14
November 2024
The annual inflation rate in the US rose to 2.60% in October 2024

Adriaan Pask
Chief Investment Officer, PSG Wealth
Event
The annual inflation rate in the US rose to 2.60% in October 2024, increasing from 2.40% in September—the lowest rate recorded since February 2021—aligning with market expectations.
• According to Trading Economics, this marks the first rise in inflation in seven months, driven by a smaller decline in energy costs (-4.90% compared to -6.80%), primarily due to less significant drops in gasoline (-12.20% vs. -15.30%) and fuel oil (-20.80% vs. -22.40%). Meanwhile, natural gas prices increased by 2%, matching September's rate, and inflation for shelter remained steady at 4.90%.
The Impact
- Wall Street’s three major indices traded flat following the release of the latest CPI report which bolstered forecasts for a potential Federal Reserve (Fed) rate cut next month, with CME FedWatch showing an 80% chance. The S&P 500 booked marginal gains, and the Dow gained 47 points or 0.10%, while the Nasdaq ticked lower by 0.20%.

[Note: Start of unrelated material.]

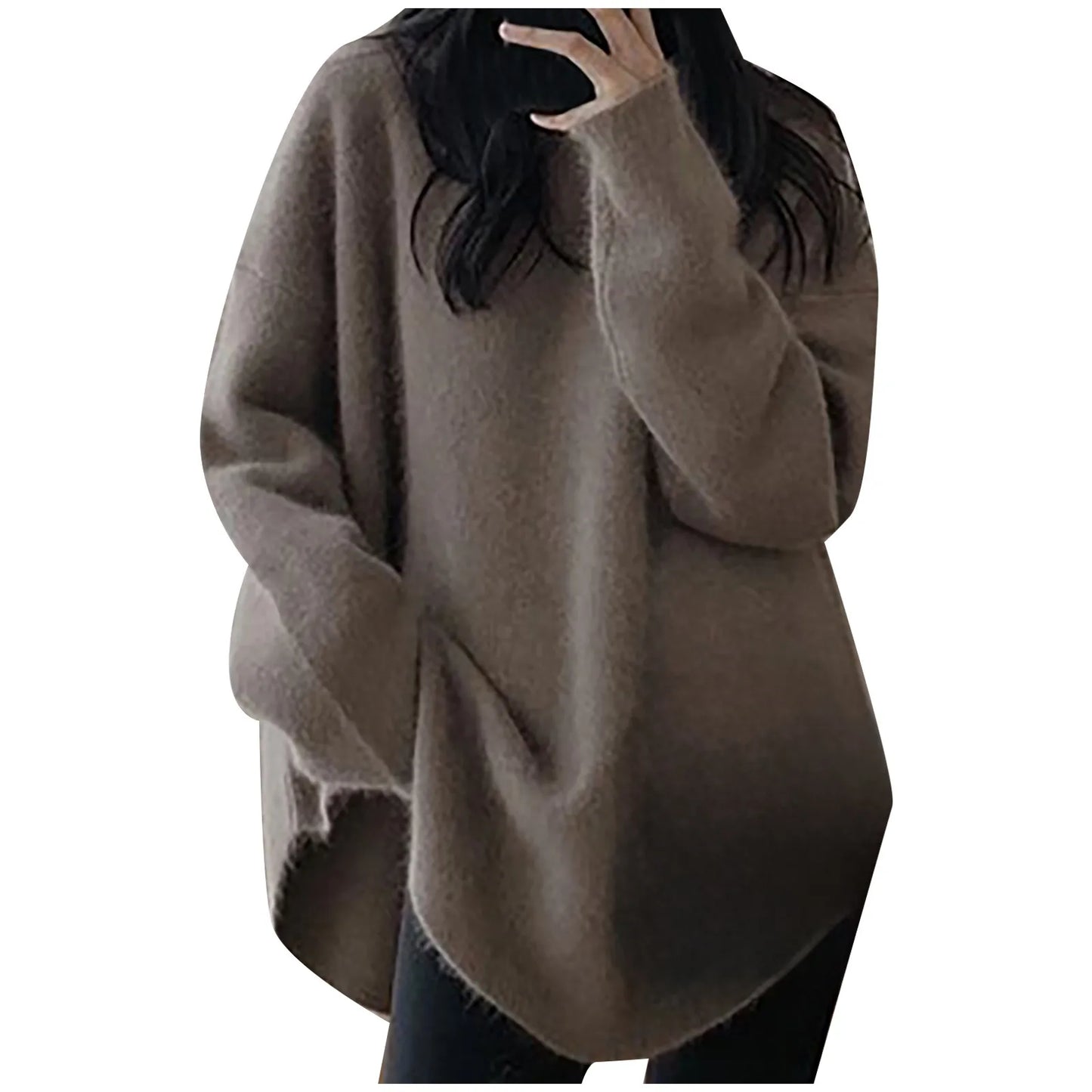 Winter Women's Elegant Irregular Hem Knitted Pullover Sweater Fashion Casual Loose Oversized Knitwear Sweaters Streetwear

- The US dollar index remained above 106.5, holding at its highest level in a year as investors reacted to the latest inflation data and Federal Reserve commentary. Furthermore, Trading Economics added that “the dollar’s strength has been further bolstered by Trump trades, as markets bet that robust growth and higher inflation under a second Trump administration would limit the Fed's ability to cut borrowing costs.”
- The 5-year US Treasury yield fell to 4.30%, while the yields for the 10-year and 30-year notes came in at 4.43% and 4.59%, respectively.
- The FTSE/JSE All Share Index closed about 0.50% lower at 83 803, its lowest since 19 September 2024, retreating for the fourth consecutive day. Traders assessed the latest US inflation report, while concerns about China’s economy and President Donald Trump's planned policies persisted.
The Assessment
- The Federal Reserve finds itself in a difficult position: if they cut rates prematurely, they risk letting the inflation
genie out of the bottle, but if they keep rates too high for too long, it could result in more severe economic pain downstream. - The question for us now is: “What will constitute a policy error?” Is it slowing interest rates in three, six or 12 months? We will continue to monitor the Fed's actions and take appropriate steps when needed.